Aide à l’acquisition de biens rénovés

La commission pousse d’autres assouplissements législatifs au service de la transformation urbaine. Certains visent à faciliter la mobilité des commerçants aux entrées de villes pour favoriser la conversion des zones commerciales en quartiers mixtes et durables. D’autres, à privilégier la transformation du bâti existant en limitant les opérations de démolition-reconstruction, qui pourraient se voir refuser pour des motifs environnementaux. Ou encore, d’inciter fiscalement les porteurs de projets à la rénovation - en les exonérant par exemple de taxe foncière pendant la durée des travaux - et les acquéreurs particuliers à acheter des biens rénovés grâce à une aide à l’acquisition axée sur MaPriménov’.

Le 120e Congrès des notaires ne se résume cependant pas à déverser de l’assouplissant sur le droit positif. Sa créativité et sa proposition la plus symbolique réside certainement dans la création d’un statut de l’arbre. A l’instar des animaux considérés depuis 2015 comme des « êtres dotés de sensibilité », le végétal gagnerait en grade dans le Code civil pour ne plus être seulement un bien immeuble mais « un organisme vivant dont la préservation est d’intérêt général ». Le résultat serait cependant moins symbolique puisque la coupe des racines ou l’élagage des branches « susceptibles d’attenter à la vie de l’arbre » nécessiterait de démontrer un trouble anormal de voisinage.

Créer la propriété temporaire

Autre proposition notable, instaurer une propriété temporaire pour faire face au recul de trait du côté pour les biens concernés. « Alors que le niveau de la mer a augmenté de 30 centimètres depuis le début de l’ère industrielle, le Giec projette un mètre d’ici la fin du siècle, rappelle Eric Meiller, président de la 1ère commission.

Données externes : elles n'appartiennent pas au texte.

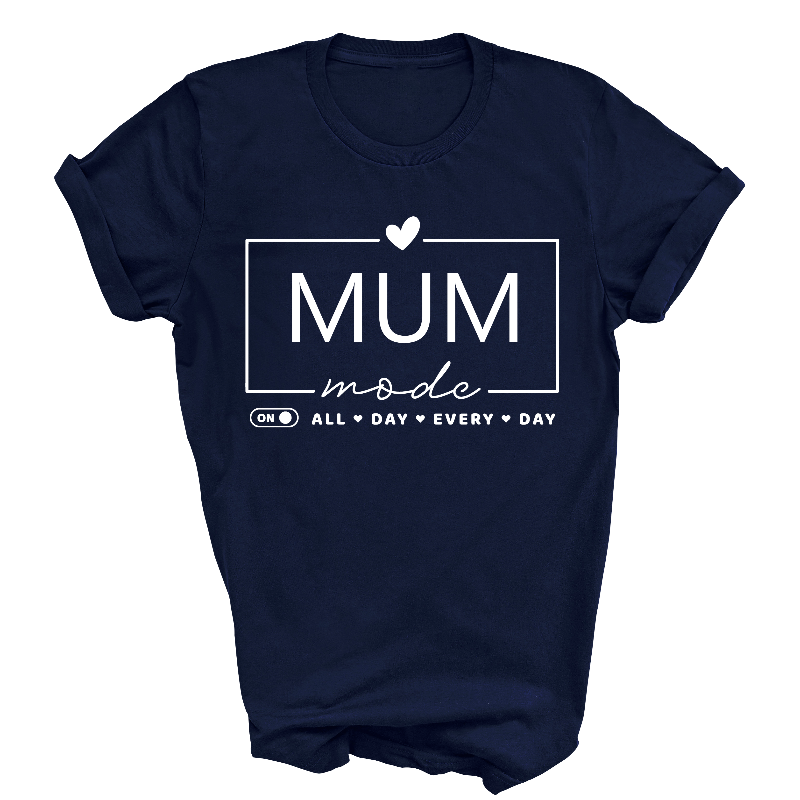 Mum Mode Activated Navy T-Shirt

Les digues arrivent à leurs limites et le droit n’a pas vraiment de solution car le concept de ville n’est pas nomade. »

En France, 450 000 logements risquent d’être affectés à l’horizon 2100. Or, les notaires constatent un « déni total du marché », des acquéreurs comme des agents immobiliers, les valorisations des biens ne laissant pas transparaître d’inquiétude quant à demain.

Il faudra pourtant bien se préoccuper du sujet puisque sur le principe, les propriétaires touchés par la montée des eaux n’ont en principe ni droit à une indemnisation publique - tout terrain gagné par la mer devient propriété de l’Etat - ni de bénéficier du régime assurantiel des catastrophes naturelles (Cat-Nat).

Habiter jusqu’à la fin

Pour provoquer une prise de conscience, les agents ministériels veulent ouvrir la possibilité pour les biens concernés par le « droit de préemption recul du trait de côte » d’une préemption ou d’un délaissement - un équivalent - qui porte uniquement sur le sol et le tréfond. Le propriétaire pourrait ainsi continuer à habiter le bien aussi longtemps que l’érosion le permet.
« Le but est d’envoyer un signal au marché pour qu’il sorte du déni et se corrige afin d’arriver à des prix en rapport avec la réalité du phénomène », justifie Eric Meiller.